Where is the LORD’s cry in your life?

Has He been laying on your heart a task you think is too big for you, has He given you a word of encouragement that you’ve been hesitant to deliver, has He prepared you for a role in your life that He’s starting to unveil to you?

What does it take for you, for us, to take that first step of obedience?

John C. Maxwell, author of the book, Developing the Leader Within You 2.0, tells us this:

62. Bible_Leaders1. There are never enough leaders.

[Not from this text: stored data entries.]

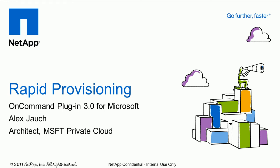Hello, my name is Alex Josh and I'm an architect in the Microsoft Business Unit at NetApp. Today we're going to be talking about rapid provisioning using the new on-command plugin 3.0 for Microsoft environments.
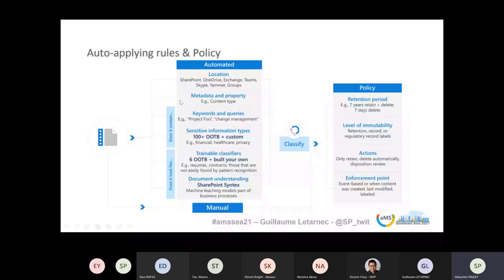You can also detect a specific project name or customer name inside the document content — this kind of detection works when you upload a document or while you're typing text in a Word document. You can also use sensitive info types. Sensitive info types are things like passport numbers, credit card numbers, IBAN numbers — essentially anything matching a specific pattern. For the IT people here, it's based on regular expressions to determine what exactly is a credit card number. And you can create your own custom sensitive info types.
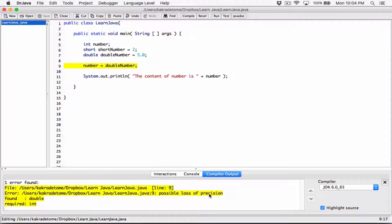It's saying 'possible loss of precision' because if you force it to store something way bigger than what this can hold, it will only store what it can hold and throw away the rest. It's telling you that you will lose data. It's requiring an integer because it can only store integers, but you're giving it a double. And double is way bigger. So it's saying: I won't do this because if I do, you will lose data.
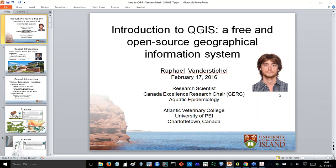Hello everyone. My name is Darla Saunders and on behalf of the Atlantic Salmon Conservation Foundation and the Canadian Rivers Institute, I would like to welcome you to today's webinar. This series is made possible in part thanks to the contributions of the Government of Canada.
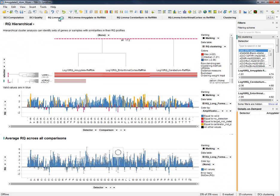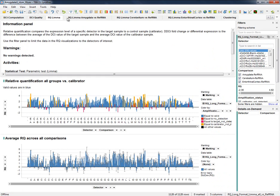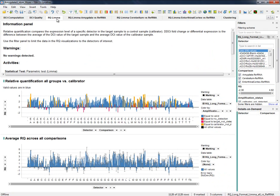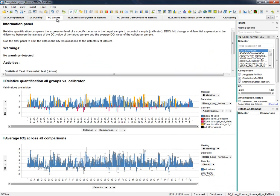Regarding differential expression results, we first have a report where we can inspect how the detectors behave along all the conditions. For instance, in our example, the RQ of every detector along each tissue when it is compared with the control group.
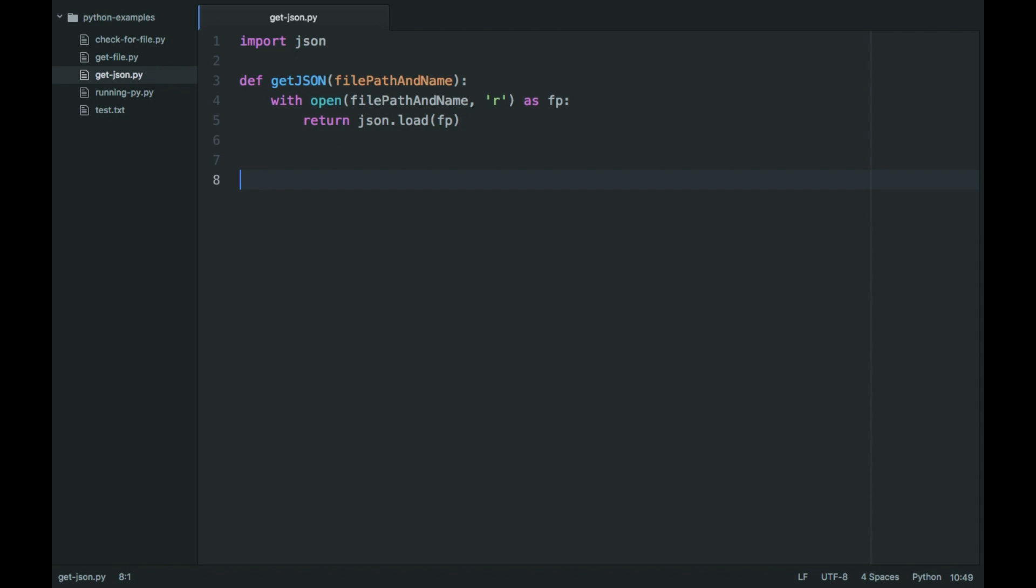So the way to look at it is I'm going to call it my object and then I'm going to get json and then I'm going to create a file called example.json.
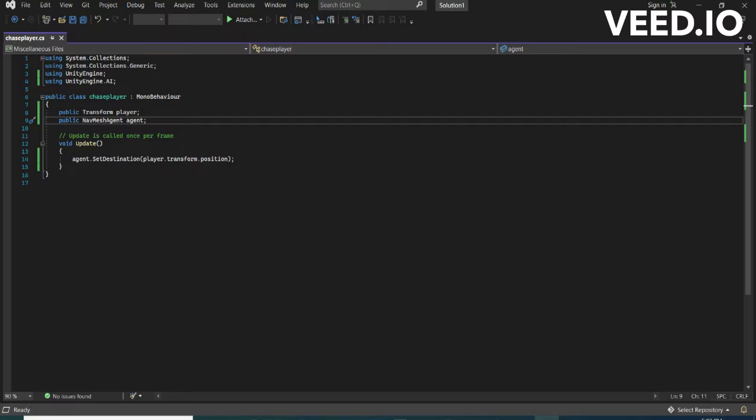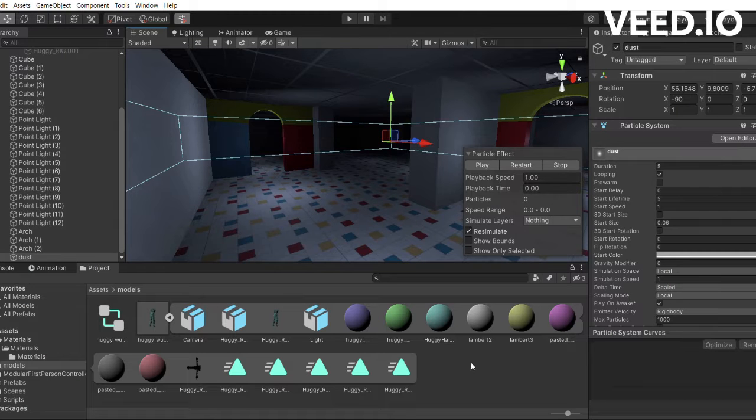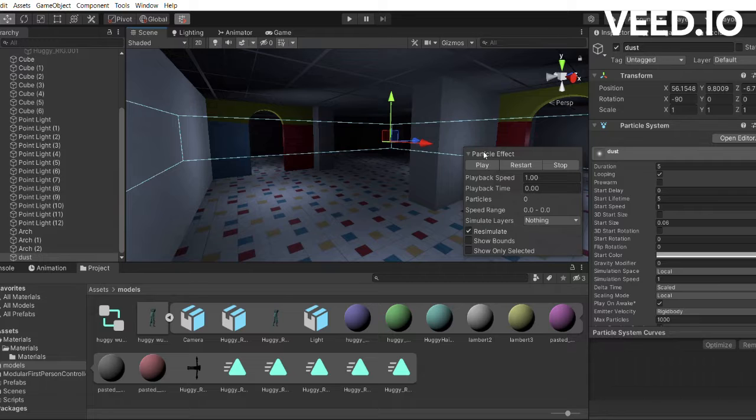After writing a really simple script, Huggy Wuggy would now chase the player. I also added a particle system to add a nice effect.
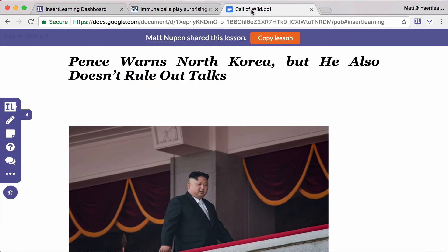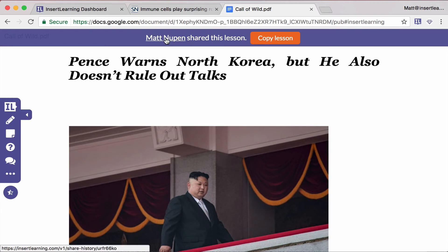And lastly, what that's going to look like for the teacher when you send it to them. When they load that page, it'll ask them to install the InsertLearning extension if they don't already have it and sign up. Then it'll redirect them to the page. The InsertLearning toolbar will load and all the information on there will load as well. Up here, it'll show them who has shared that lesson with them, and if they want to, they can click on copy and it'll make a copy of that lesson.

2. Every leader needs development.

>Moses spent 40 years being educated in the Pharoah’s house, plus 40 years of tending sheep in the desert;

>Joseph spent years in servitude to the Egyptian hierarchy and many years in prison;

>Nehemiah was a cupbearer to the Babylonian king;

>Paul was trained as a Pharisee before he was knocked to the ground by a bolt of light; and

>Jesus was … well, He had spent forever in the Trinity and then 40 days and nights being tempted by Satan.

Every leader needs encouragement, training, prayer, support. Are we giving each other that kind of encouragement? Are we coming alongside each of our brothers in prayer?

If we heed these lessons well, no one will end 2018 asking: Where have all the good leaders gone?

Instead, they’ll ask: Where have all these good leaders come from, and how can I become one of them?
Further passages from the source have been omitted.